§ What is needed
Please give back only the lines below from the one containing "三国无双版：神器升级攻略大揭秘" to the one containing "靴紐 靴ひも シューレース レディース シフォ...の詳細画像5", each repeated word for word, both ends included.

§ Information supplied
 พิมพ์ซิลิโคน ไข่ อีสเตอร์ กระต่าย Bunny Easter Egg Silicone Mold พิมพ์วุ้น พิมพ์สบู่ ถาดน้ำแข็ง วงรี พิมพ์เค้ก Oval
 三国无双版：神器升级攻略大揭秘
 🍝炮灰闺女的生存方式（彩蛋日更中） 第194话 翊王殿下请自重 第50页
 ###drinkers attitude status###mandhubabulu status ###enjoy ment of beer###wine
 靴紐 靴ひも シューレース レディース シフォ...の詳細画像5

...

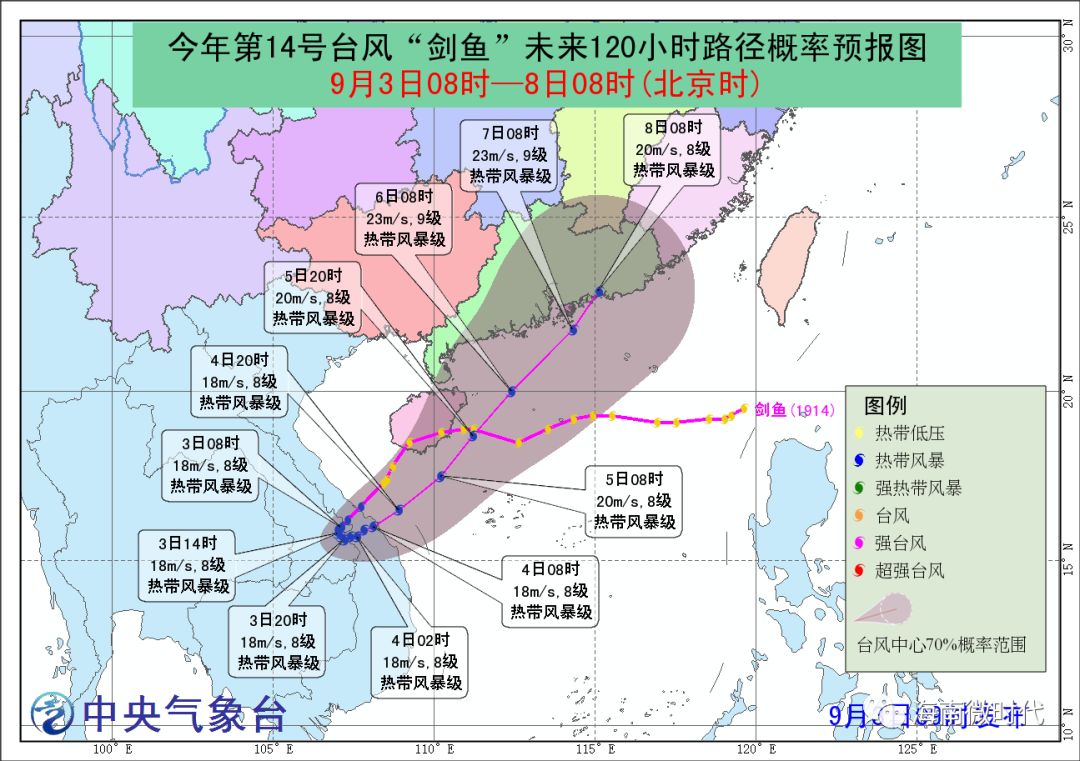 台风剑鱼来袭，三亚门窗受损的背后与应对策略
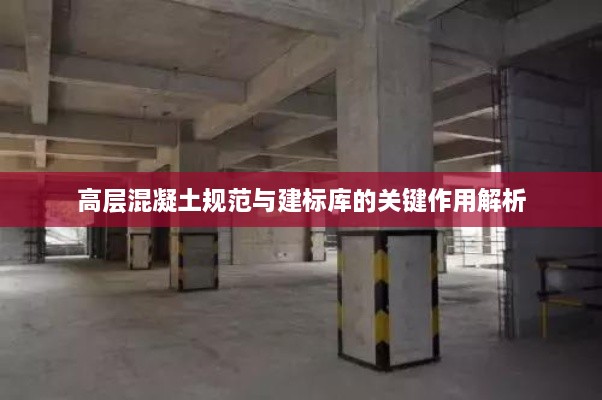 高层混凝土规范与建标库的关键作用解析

§ Exercise answer
 三国无双版：神器升级攻略大揭秘
 🍝炮灰闺女的生存方式（彩蛋日更中） 第194话 翊王殿下请自重 第50页
 ###drinkers attitude status###mandhubabulu status ###enjoy ment of beer###wine
 靴紐 靴ひも シューレース レディース シフォ...の詳細画像5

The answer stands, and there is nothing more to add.